Alvin Lee said he should not have erupted in public under intense pressure to fulfil the bubble tea orders which had spiked prior to such shops closing indefinitely. He suggested that being overworked probably contributed to Tuesday’s emotionally charged incident caught on tape at the Waterway Point mall, in which he tried to start a fight.

“For everyone info, I’m the grab food rider that is in the bubble tea saga. I would like to take this opportunity to admit that I am also in the wrong to act like this in the public,” he wrote on social media.

“But please understand that it is very difficult time for [riders] like us, we work [a minimum] 12 hour a day, rain or shine to bring food to you and also bring bread home. Sometime anger took over us as we overwork and tire the hell out of ourself.”

Lee was filmed shouting outside the Playmade bubble tea outlet, accusing an employee of calling him a “fucker” and taunting him to come out of the store. The next day, Lee posted that he had been “permanently banned” by GrabFood. 

The encounter played out before a backdrop of panicked tea buying, with bubble tea purveyors and deliverymen under pressure to fulfill a flood of orders placed after the government announced they would have to cease operating as part of stricter COVID-19 measures. 

“I’m not asking for sympathy as this is what I should do in order to feed my own little family.
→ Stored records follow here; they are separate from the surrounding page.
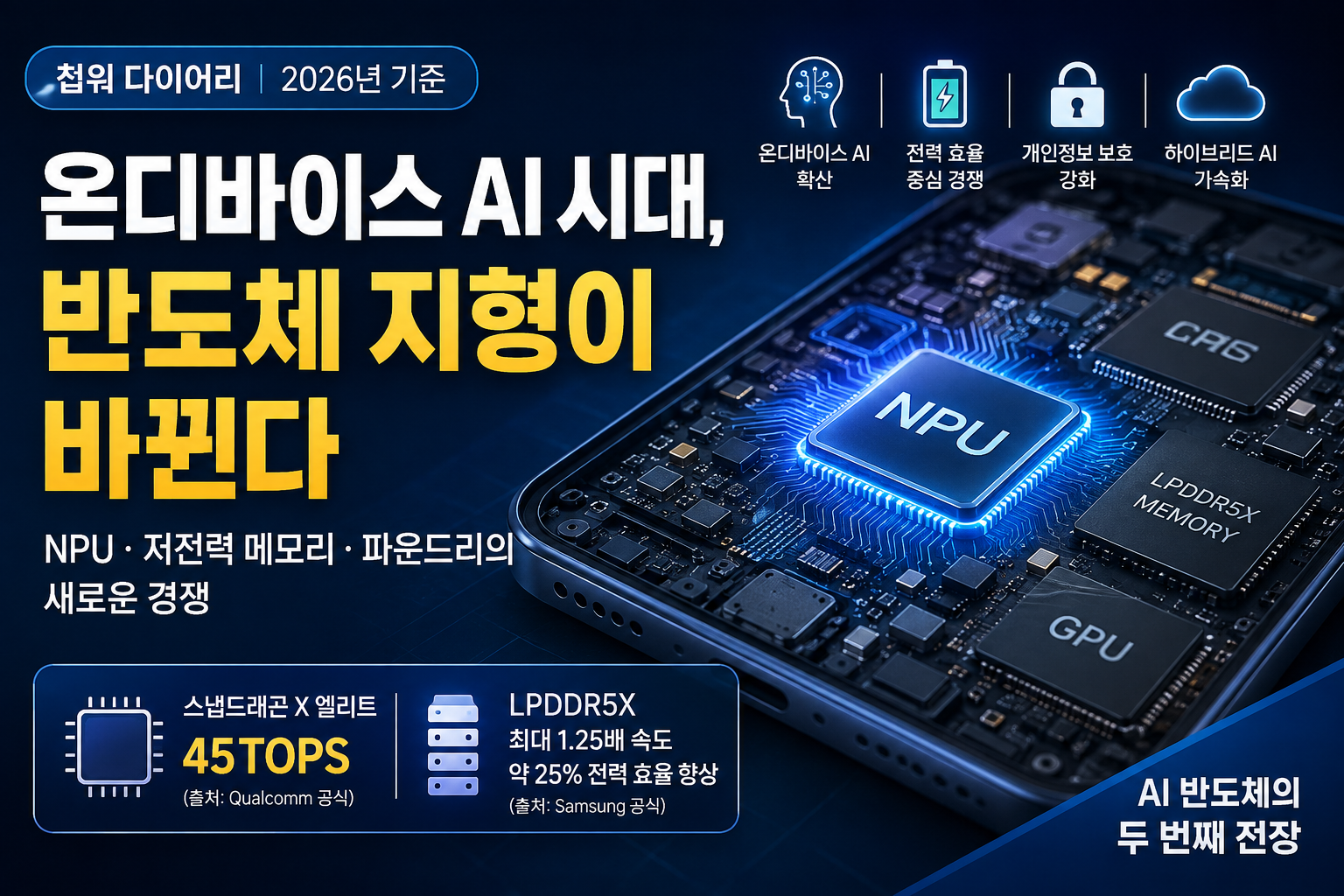 온디바이스 AI 시대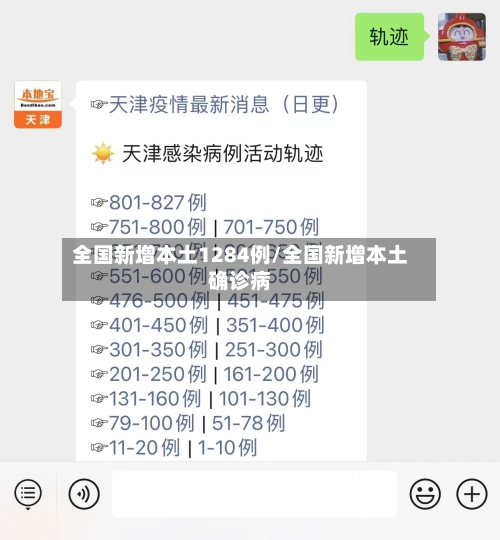 全国新增本土1284例/全国新增本土确诊病
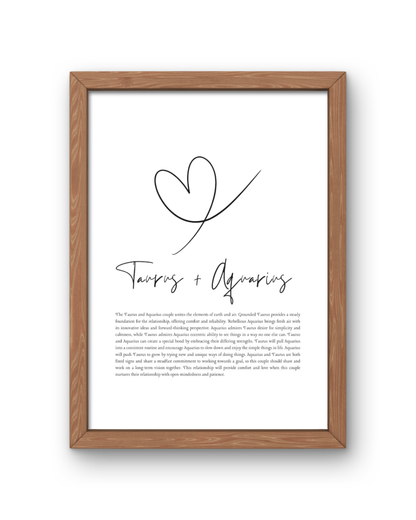 Taurus and Aquarius Zodiac Couple Print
I don’t want [pinpoint] on who is at fault because I believe both parties are under a lot of pressure and stress in ordering to fulfil those nonstop bubble tea orders after the new circuit breaker measures [take] place,” Lee added in his statement.

Playmade said it was under immense pressure that night to make hundreds of bubble tea drinks, it said in a Thursday statement. 

“During this time, our team had received over 150 different orders (an average of 600 cups) via delivery alone within the last hour of closing, despite efforts to stop orders from coming through,” the chain wrote online this afternoon. “This had brought immense pressure on both our team and delivery riders to complete within that short time frame to closing.”

 

Related:

F-bomb thrown during Singapore’s mad boba run leads to arrest of delivery guy
Singapore makes desperate dash for final haircuts and bubble tea. Here are the queues you missed. (Photos)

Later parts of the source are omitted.